Perhaps it was easier to
feel anger toward an alien in human clothing than at the God of his
fathers. His mind shied away from the root of his anger, at the many
disappointments and his perceived abandonment, at why any God would
allow an innocent to die or tolerate the sacrifice that Jackie had made
for him - him . . . an altogether most unworthy vessel for such an act
of heroism and love.
The unmoving child in his
arms must be part of a dream of nightmarish proportions, and soon he
would awaken from it safe in his own bed at his home, his arms wrapped
around Sam's warm body. But he didn't wake up, and the nightmare
continued despite his protestations that it had gone on long enough -
that it was too much - that it must stop.
He felt the sharp jar as
Sam used him as a stop to her momentum and with a savage effort; he
wrenched his mind away from the existential bent of his thoughts back to
the here and now. Sam's arms reached for the child splayed next to him,
she tenderly pulled Jackie away to cradle against her chest. Stunned,
Jack snuggled down next to her, one arm around Sam's waist as, together,
their hands gently arranged their child's lower body and legs across
their own.
Up close, he could see
Jackie's injuries and it didn't look good for her chances of survival,
he's seen grown men die of less. Her abdomen was a mass of charred flesh
that smoked and smoldered, faintly hissing as warm blood cooled the
wound. Jack swallowed hard as tears threatened to spill from his
eyes.
"Sam?" the name wafted
from Jackie's lips, a mere whisper but her parents heard it
nonetheless.
"I'm here, Jackie," Sam
replied as tears flowed down her cheeks and dripped onto Jackie's
upturned face.
"Sah-ree," Jackie said and frowned.
"Why?" Sam voice trembled
with suppressed grief and shock, her eyes met Jack's and he could only
stare hollowly back.
"Hurt you." Jackie
breathed softly, one forefinger pointed upward as her hands rested on
her chest.
"No, you didn't hurt us,
we love you, Jackie." Sam looked to Jack for confirmation and he numbly
nodded his approval. "We're sorry you got hurt."
"Dying?" Jackie's
dark-brown eyes bored into Sam's eyes and his own.
"No," Jack's mouth formed
the word that Sam spoke; he could utter his denial, but could not speak
the lie. Sam sniffed and shook her head violently in denial. "I'll get
you some help from the Asgard."
"No," a minute shake of
the child's head forced them to face her reality.
Jack shook his head. "No,
Jackie . . . stay with us." His eyes widened as the girl's fingers
reached toward his lips, but did not quite touch. "Please?" he whispered
as her arm flopped back and he reached out to cup her face and stroked
her cheek with his thumb. If he wished hard enough, and denied what he
saw . . . perhaps, just perhaps . . .
"See . . . my sisters,"
Jackie whispered with a hint of a smile. Jack squeezed his eyes tightly
closed for just a moment, and prayed they'd wake up from this nightmare.

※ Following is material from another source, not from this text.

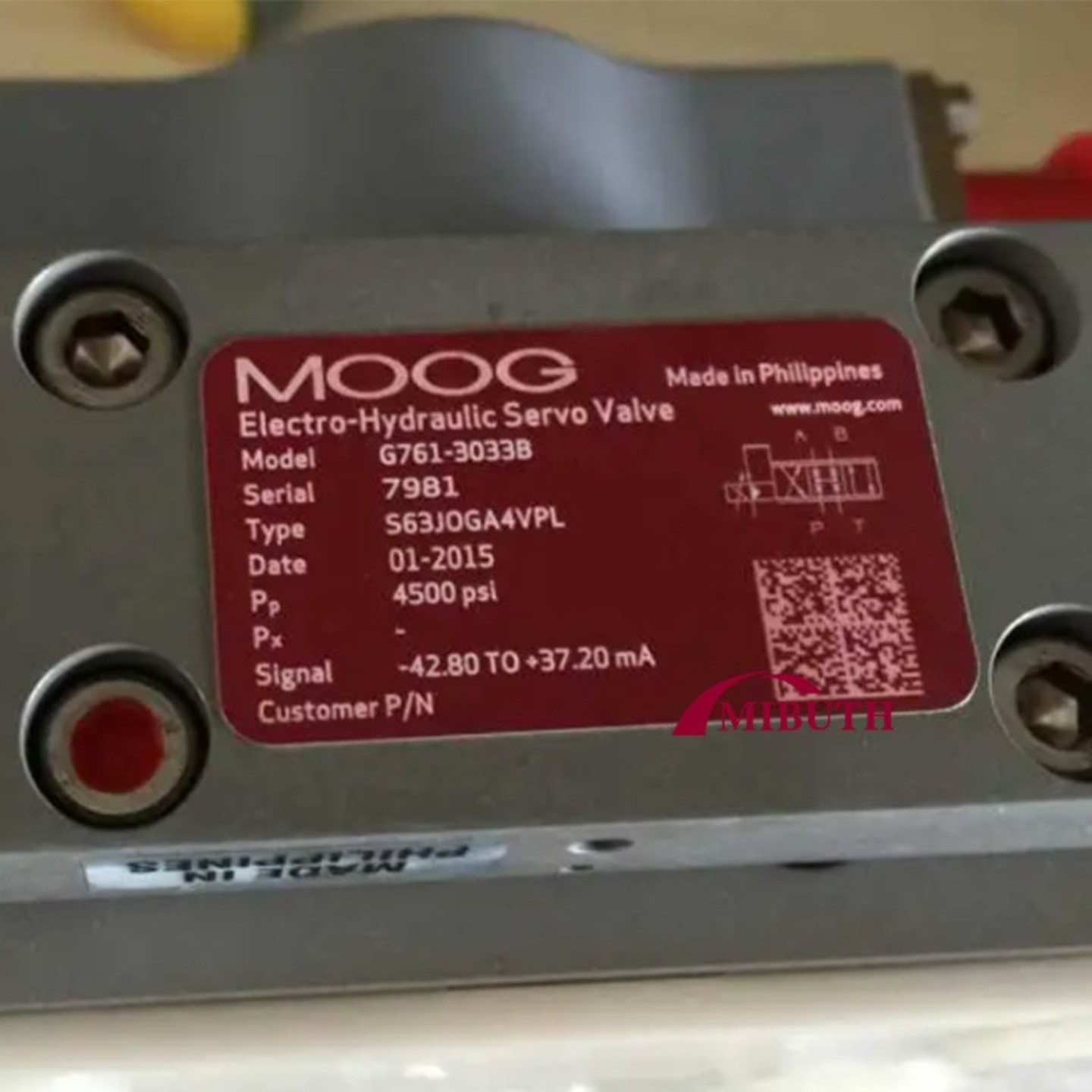 MOOG穆格伺服阀G761-3002B D792-5034（地坛设备）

Sam's anguished gasp had them flying open in alarm.
Jackie's eyes widened and
she gave one last gasp. Then her body relaxed as her final breath
rattled out of her throat. The spark of life gradually left her dark
eyes leaving them dull and lifeless as they stared off into oblivion.
Their tragic and
profoundly private Pieta-like tableau was shattered by a bass voice
above them. "The girl is dead?" Baal nodded forbiddingly. "Pity, I shall
have to put her in the sarcophagus . . . or create another. Bring them."
And he turned to leave.
Baal's grotesque
intrusion was like a sharp stick thrust into an unsuspecting beehive,
and in an instant Jack's frozen grief swarmed into a rage that boiled
inside his chest and then sought to find its release in a scream of
disbelief and fury that threatened to erupt from his mouth. He bit his
lip till it bled in an effort to contain it while his trembling hands
moved Jackie's body away from his own.
Once his child's body was
safe in Sam's care, he loosed the buzzing flight of rage and flung
himself at Baal's retreating back; and allowed his wrath to explode in
one word of negation and denial. "Noo!"
Baal shouted, "Stop!"
Jack's attack took the
Goa'uld by surprise and the infuriated man took full advantage of it.

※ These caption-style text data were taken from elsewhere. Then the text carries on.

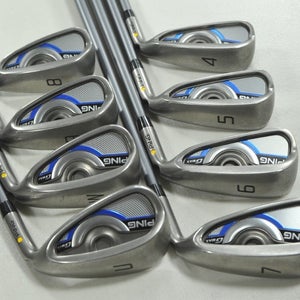 Ping GMax 4-W,UW Iron Set Regular Flex Yellow Dot Right CFS 70g Graphite #210765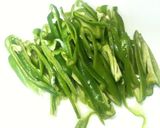 A picture of step 3 of Shio-Kombu and Green Bell Pepper.
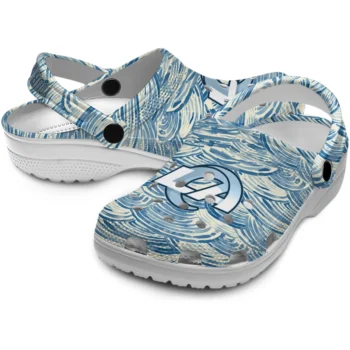 personalized los angeles rams sea swirls clogs high quality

With Baal knocked to the floor, Jack straddled him and raised his fist,
then smashed it into the snake's nose with punishing force as years of
pent-up rage and fury poured forth. Beneath him, the Goa'uld writhed and
twitched as he tried to avoid Jack's fists.
The Warriors did not
intervene, too well programmed to obey their master's every command,
even those not intended for them. Their god was on his own.
Baal's nose flattened
under the assault of first one fist, and then the other as blood
spattered his handsome face. With metronome-like regularity, Jack's
words were punctuated by his fists. "You . . . son . . . of . . . a . .
. bitch!"
Blood sprayed Jack's face
and he licked it off his lips, savoring the coppery taste of it,
relishing it. Not because it was blood, but because of who's blood it
was. It tasted of revenge - sweet and heady - one he'd yearned after for
years. No longer would he deny himself of it, he had paid its price many
times over.
"This one's for Jackie .
. . this one's for her sisters . . . every . . . single . . . one."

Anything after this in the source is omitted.